May 29, 2017, 10:55 AM
The National Malaria Control Programme (NMCP) under the Ministry of Health and Social Welfare in collaboration with regional health management team and district authorities for the community mobilization, development partners, UN agencies and community-based organizations, Saturday launched the National Indoor Spraying (IRS) Campaign in Upper River Region.
In his launching remarks, URR deputy Governor Jedi Baldeh said the launching of the IRS campaign in URR marked the 2014 IRS Spray Cycle.
He described the launching of the IRS as an important milestone for URR in the fight against malaria in the region, as the country moves toward malaria elimination by the year 2020.

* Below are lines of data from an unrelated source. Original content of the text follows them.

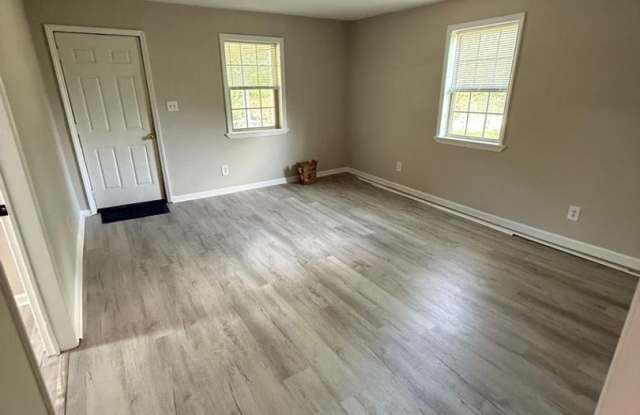 MOVE-IN READY! MOVE-IN SPECIAL FREE 50" TV W/ MOVE-IN BY 10/15/26!!! Gallery 4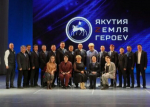 «Саха сирэ – дьоруойдар сирдэрэ» бырагыраама курсааннара дьон иннигэр тыл этэр үөрүйэхтэрин чочуйдулар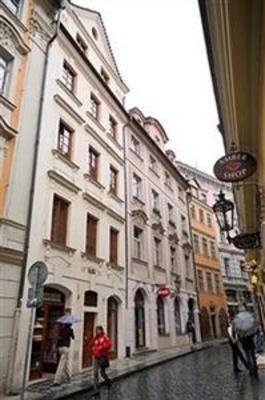 фото отеля Karlova Apartments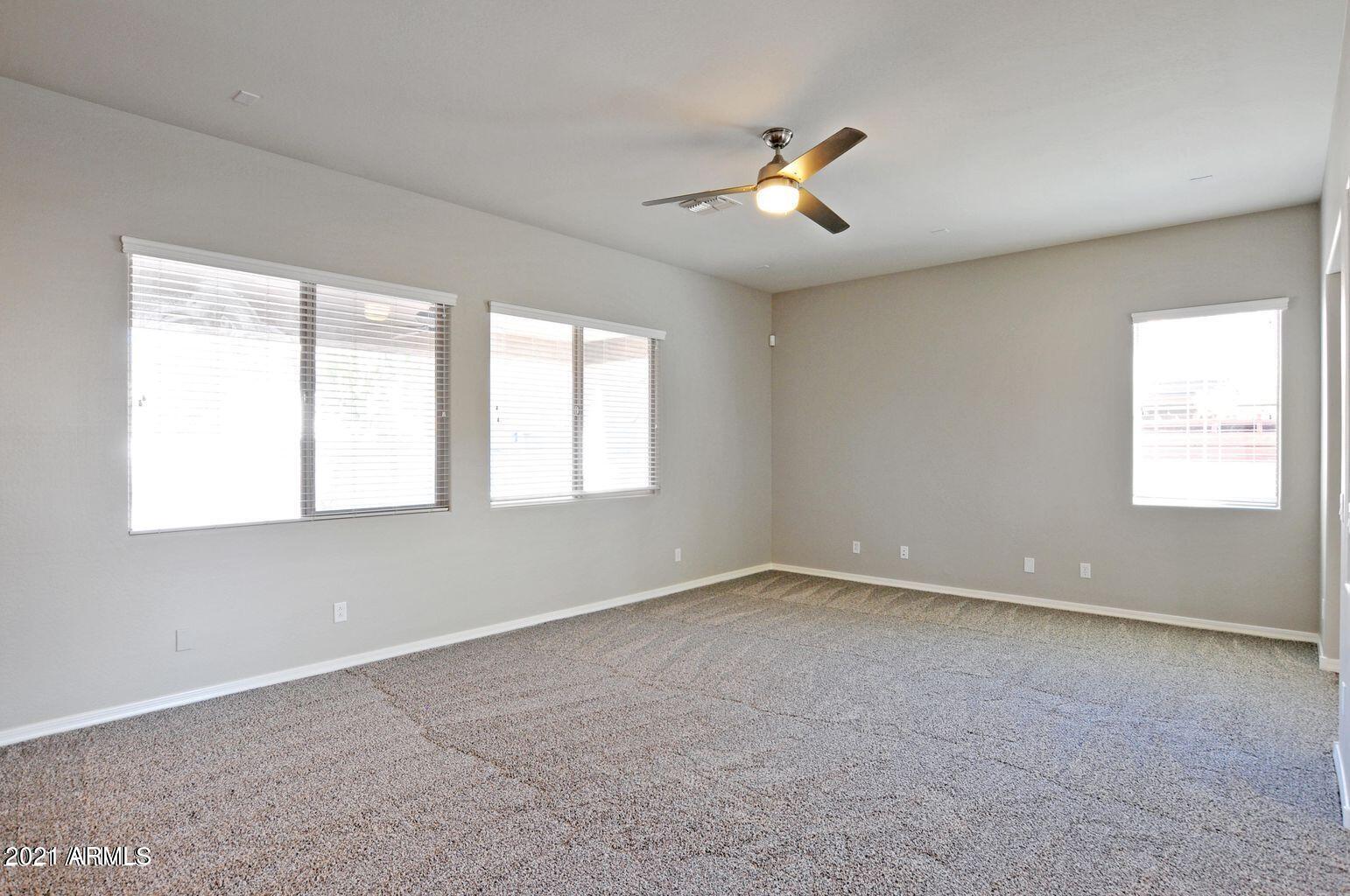 2851 North Riley Road Buckeye, AZ 85396 - Photo 5 of 46 20210206043811169317000000-o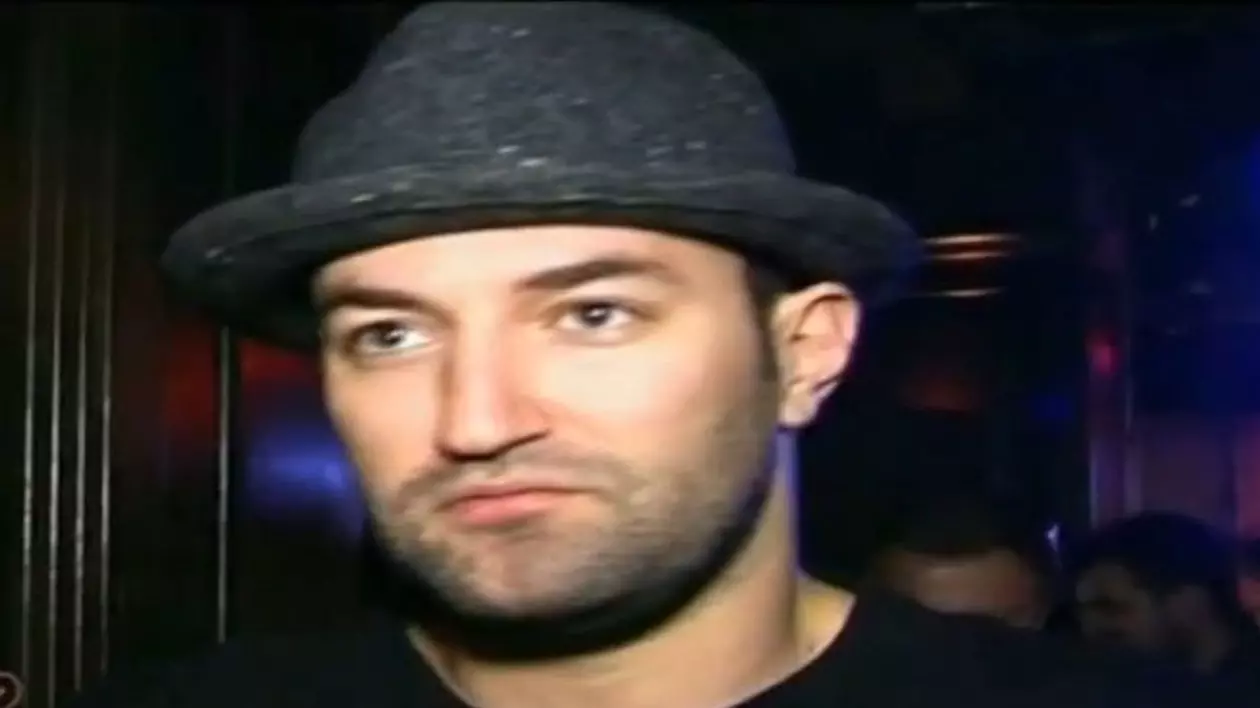 SMILEY, CAVALER de ONOARE! "ALEX, cel mai BUN PRITEN al MEU, se ÎNSOARĂ!"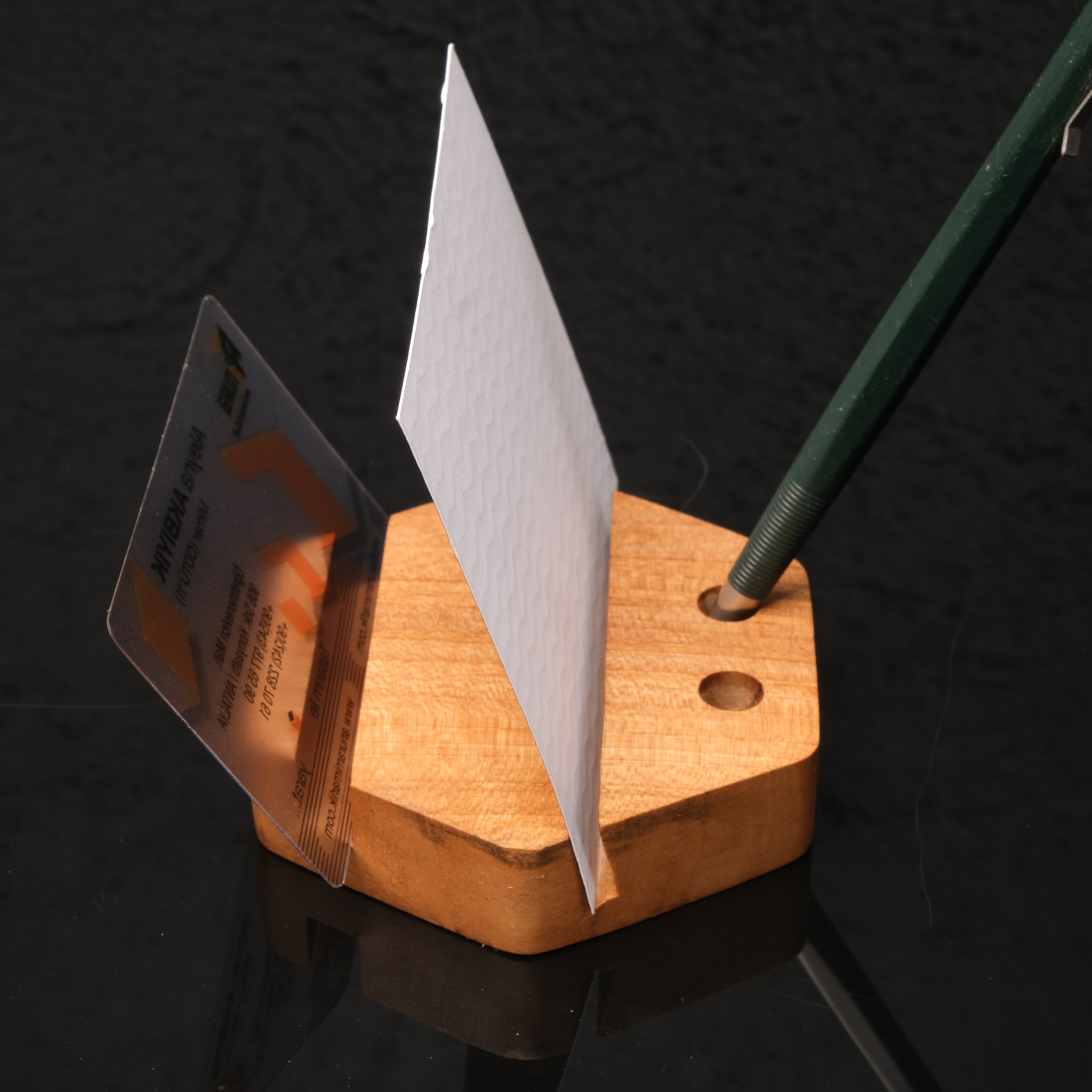 ASYMMETRIC WOODEN PEN HOLDER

According to Baldeh, substantive progress has been made against malaria, even though it still remains one of the region’s greatest childhood killers.
Baldeh said malaria consumes almost half of the clinical services in URR, and is a substantial obstacle to social and economic development in the tropics.

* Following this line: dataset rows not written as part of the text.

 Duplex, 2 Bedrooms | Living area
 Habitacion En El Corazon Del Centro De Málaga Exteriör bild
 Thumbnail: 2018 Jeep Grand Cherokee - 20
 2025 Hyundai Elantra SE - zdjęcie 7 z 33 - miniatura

The Indoor Residual Spraying is a passive and a highly equitable intervention, and URR continued to benefit from this intervention which has contributed greatly to the recent reduction in malaria prevalence in URR, he continued.

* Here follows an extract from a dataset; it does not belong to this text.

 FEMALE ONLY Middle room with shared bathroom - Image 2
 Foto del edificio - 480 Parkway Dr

Baldeh added that the integrated approach to malaria prevention and control is yielding significant results, in terms of reducing malaria morbidity and mortality.
The regional director of Health Services, Ebrima Jaiteh, said evidence has shown that international efforts geared towards malaria prevention, control and elimination saved more than three million lives since 2000, by lowering mortality related to malaria by 42 per cent globally and 49 per cent in Africa.
Mr Jaiteh further stated that an estimated 600,000 die annually due to malaria, mainly children under 5 years in sub Saharan African.
He said an intervention such as IRS should be applied as part of an integrated vector management exercise, which has the potential to disrupt vector population dynamics and shorten the transmission period or even suppress epidemic outbreaks entirely.
The programme manager, Balla Kandeh, said malaria is a major public health problem and it takes a lot of concentration and effort to fight against malaria. Residual spraying will reduce the number of mosquitoes that enter houses, he added.
Kandeh said the reduction of the mosquitoe population would eventually reduce the morbidity and mortality due to malaria in the country.